### [ACTION ITEM]
Would you transcribe the entries below, beginning at the line with "Moving on to" and ending after the line with "Thank you for", exactly, with no picture and nothing more?

### [DATA IN THIS EXERCISE]
--

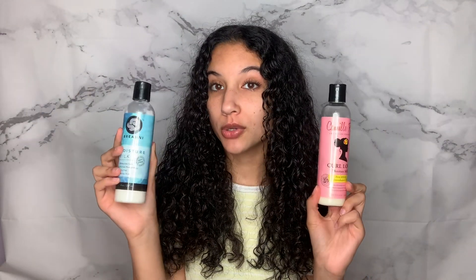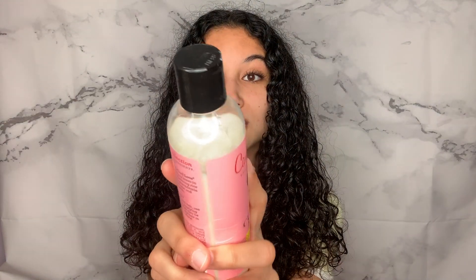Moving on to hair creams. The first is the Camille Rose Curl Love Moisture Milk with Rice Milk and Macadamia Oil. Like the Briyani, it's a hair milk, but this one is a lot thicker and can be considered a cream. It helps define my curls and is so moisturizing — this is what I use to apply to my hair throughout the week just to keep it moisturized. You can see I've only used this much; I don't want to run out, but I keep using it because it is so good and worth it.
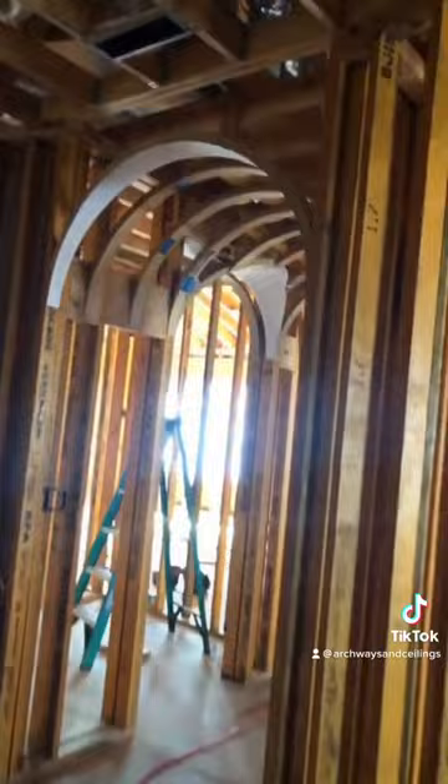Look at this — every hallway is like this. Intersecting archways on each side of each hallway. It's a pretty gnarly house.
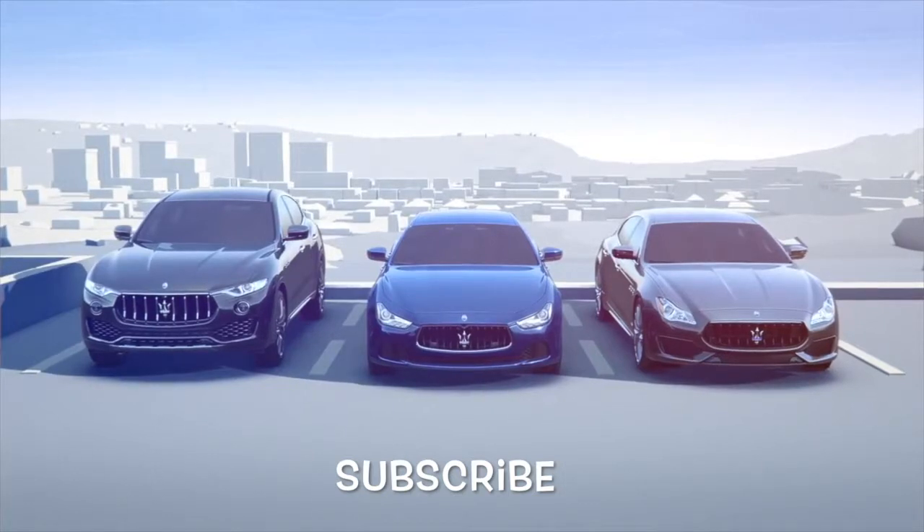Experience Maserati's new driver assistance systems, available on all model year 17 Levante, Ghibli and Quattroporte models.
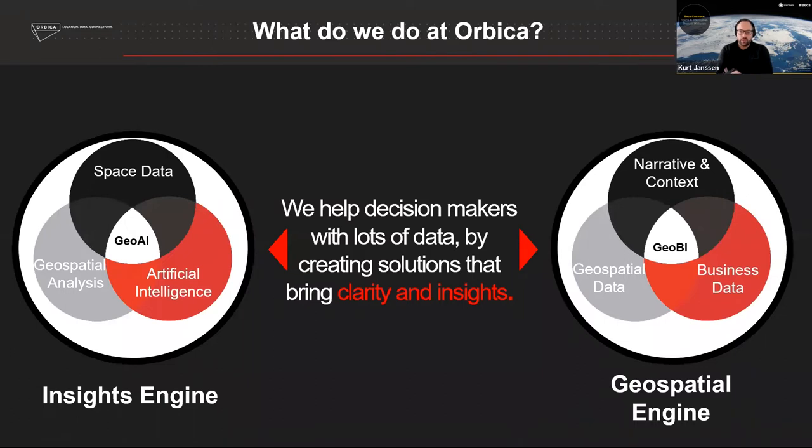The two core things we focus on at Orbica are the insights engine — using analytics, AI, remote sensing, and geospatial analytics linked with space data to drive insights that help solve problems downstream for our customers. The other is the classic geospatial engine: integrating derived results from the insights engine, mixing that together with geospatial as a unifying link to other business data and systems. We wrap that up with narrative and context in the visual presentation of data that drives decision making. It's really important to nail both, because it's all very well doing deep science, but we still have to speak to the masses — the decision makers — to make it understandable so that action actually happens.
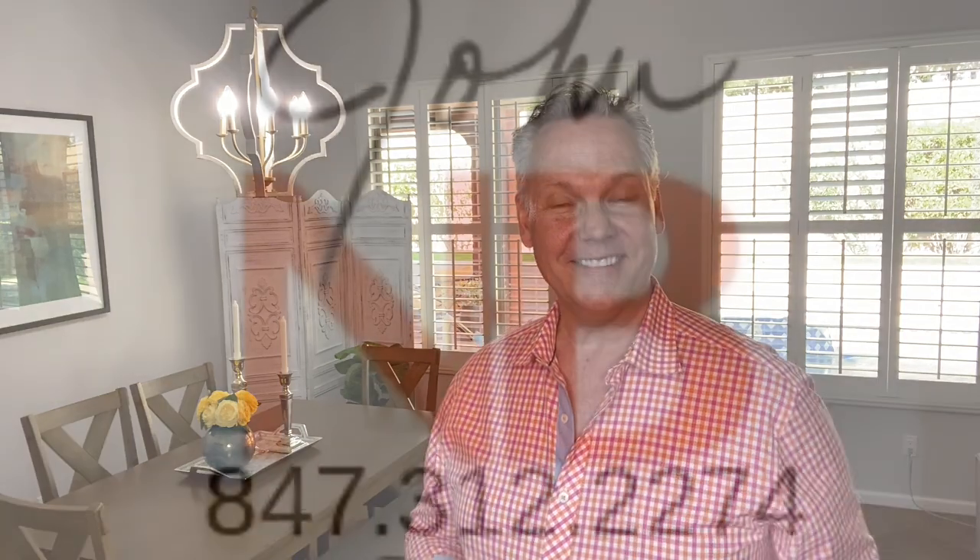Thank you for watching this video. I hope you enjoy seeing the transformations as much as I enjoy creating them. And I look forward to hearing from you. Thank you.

--

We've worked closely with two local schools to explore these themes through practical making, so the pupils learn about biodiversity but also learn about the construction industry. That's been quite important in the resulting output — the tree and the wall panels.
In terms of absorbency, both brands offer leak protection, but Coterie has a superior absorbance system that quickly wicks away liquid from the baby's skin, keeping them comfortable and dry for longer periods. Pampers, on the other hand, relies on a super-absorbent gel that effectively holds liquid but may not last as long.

--

### [EXPECTED OUTPUT]
Moving on to hair creams. The first is the Camille Rose Curl Love Moisture Milk with Rice Milk and Macadamia Oil. Like the Briyani, it's a hair milk, but this one is a lot thicker and can be considered a cream. It helps define my curls and is so moisturizing — this is what I use to apply to my hair throughout the week just to keep it moisturized. You can see I've only used this much; I don't want to run out, but I keep using it because it is so good and worth it.
Look at this — every hallway is like this. Intersecting archways on each side of each hallway. It's a pretty gnarly house.
Experience Maserati's new driver assistance systems, available on all model year 17 Levante, Ghibli and Quattroporte models.
The two core things we focus on at Orbica are the insights engine — using analytics, AI, remote sensing, and geospatial analytics linked with space data to drive insights that help solve problems downstream for our customers. The other is the classic geospatial engine: integrating derived results from the insights engine, mixing that together with geospatial as a unifying link to other business data and systems. We wrap that up with narrative and context in the visual presentation of data that drives decision making. It's really important to nail both, because it's all very well doing deep science, but we still have to speak to the masses — the decision makers — to make it understandable so that action actually happens.
Thank you for watching this video. I hope you enjoy seeing the transformations as much as I enjoy creating them. And I look forward to hearing from you. Thank you.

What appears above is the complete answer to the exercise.